## Work required:
Give the data again exactly as it is written.

## Information provided:

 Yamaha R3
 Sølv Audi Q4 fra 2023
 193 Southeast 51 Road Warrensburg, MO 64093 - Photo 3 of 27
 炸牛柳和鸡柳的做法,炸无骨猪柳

## Exercise output:
 Yamaha R3
 Sølv Audi Q4 fra 2023
 193 Southeast 51 Road Warrensburg, MO 64093 - Photo 3 of 27
 炸牛柳和鸡柳的做法,炸无骨猪柳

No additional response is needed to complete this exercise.